Karena itu, tentu umat khususnya mahasiswa muslim harus selalu waspada atas berbagai propaganda busuk yang ditujukan kepada kelompok-kelompok Islam yang selama ini getol memperjuangkan islam. Sebab, jika umat termakan propaganda mereka, alamat umat Islam akan terus berada dalam jebakan dan skenario yang dibuat amerika dengan menggunakan bonekanya.
Memaknai radikalisme sacara objektif
Sebenarnya definisi radikal di atas masih abu-abu, Hal ini sama biasnya saat Barat mendefinisikan terorisme. Terorisme adalah labelisasi kepada kelompok atau individu Muslim yang secara fisik atau non fisik mengancam kepentingan global imperialisme Barat. Di Indonesia, dengan asumsi definisi terorisme no global concencus (tidak ada kesepakatan global), akhirnya pemaknaan dan implementasi kontraterorisme melahirkan banyak korban dan umat Islam menjadi obyek sasaran.
Kata radikal sendiri berasal dari kata radix yang didalam pengertian bahasa Latin bermakna akar. Sedangkan Dalam Kamus Besar Bahasa Indonesia (KBBI), kata radikal memiliki arti: mendasar (sampai pada hal yang prinsip). sikap politik amat keras menuntut perubahan (undang-undang, pemerintahan), maju dalam berpikir dan bertindak (KBBI, ed-4, cet.I.2008).
Jika dikembalikan pada pengertian asalnya, maka radikal adalah istilah yang bersifat ‘netral’, artinya tidak condong pada sesuatu yang bermakna positif atau negatif. Jadi defenisi itu menjadi positif atau negatif bergantung dengan apa kata radikal itu dipasangkan dan tergantung siapa yang memaknainya. dan kalau kita lihat dalam pengertian diatas, sebuah sikap “radikal” bisa tumbuh dalam entitas apapun; tidak mengenal agama, batas teritorial negara, ras, suku dan sekat lainya.
Namun sayang redikalisme sering bahkan selalau di arahkan kepada islam dan pemeluknya, sedangkan orang atau kelompok yang melaukan tindakan kekerasaan yang sama tidak pernah di labeli dengan label Radikal, dari sini bisa kita lihat ketidakadilan pemaknaan yang menunjukan untuk siapa isu ini di ungkap lagi ke permukaan.

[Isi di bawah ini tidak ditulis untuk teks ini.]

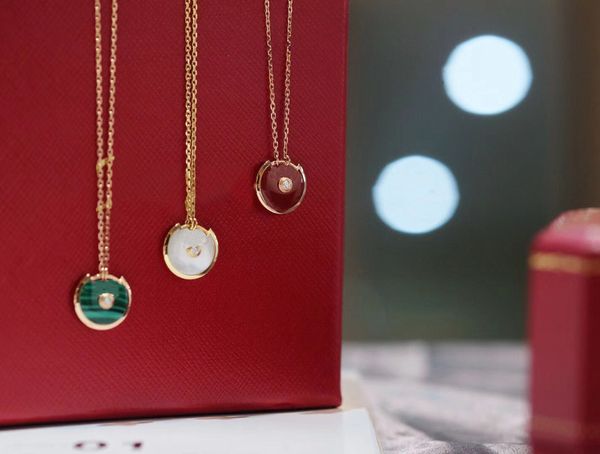 

designer round cake shape amulette pendant necklace jewelry for women wedding party jewerlry accessories, Silver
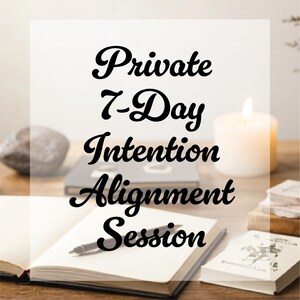 Puede incluir: Una vela encendida junto a una pila de libros y un cuaderno con un bolígrafo. El texto "Private 7-Day Intention Alignment Session" se muestra en una fuente decorativa, lo que sugiere un tema espiritual o de bienestar.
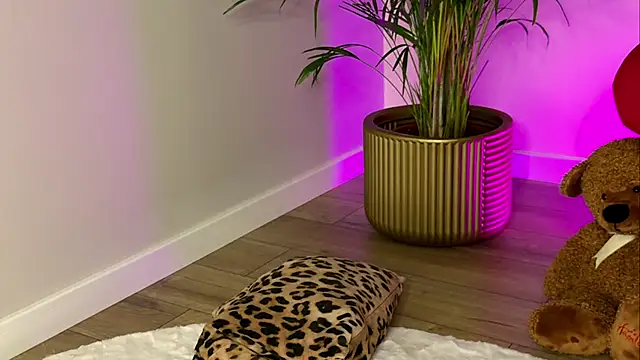 دردشة Tinydoll_XO الجنسية المباشرة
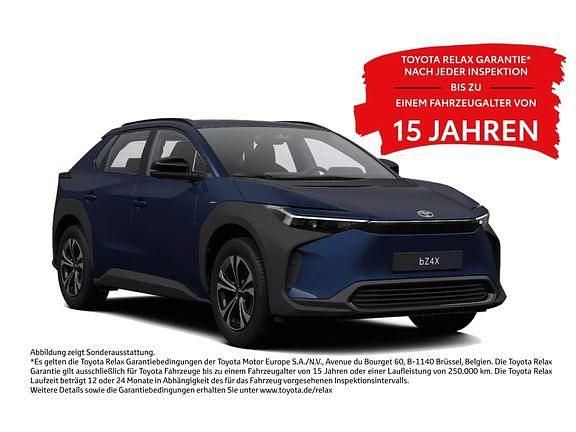 Regentblau metallic / dach schwarz Gebraucht 2024 Toyota bZ4X Lounge+ SUV | 44.490 € - Bild 1/4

Lalu jika proyek deradikalisasi ini ditujukan kekampus, maka yang dituju adalah mahasiswa muslim yang berpegang teguh pada syariat dan senantiasa mendakwahkanya di tengah-tengah kehidupan kampus. Padahal Kalau kita mengartikan Secara bahasa, radikal bermakna sesuatu yang bersifat mendasar. maka bisa diakatakan Islam adalah ajaran yang radikal, karena Islam terdiri dari akidah dan syariah, Akidah islam membahas sampai pada hal yang prinsip dan mendasar, sedangkan syariah islam mengatur seluruh aspek kehidupan, tidak ada satupun perkara yang tidak diatur dalam islam, jadi Islam bukan sekadar ritual, adat, budaya, apalagi sekedar status di KTP. Disinilah berbahayanya istilah redikal ala BNPT yang masih bias pemaknaanya.
Deradikalisadi untuk siapa ?
Makna radikal yang masih bias, menjadikanya bisa ditarik kemana saja istilah tersebut, tergantung siapa pemegang kekuasaan, maka istilah yang masih sangatlah berbahaya dan akan merugikan kelompok tertentu yang dianggap bersebrangan dengan kebijakan penguasa.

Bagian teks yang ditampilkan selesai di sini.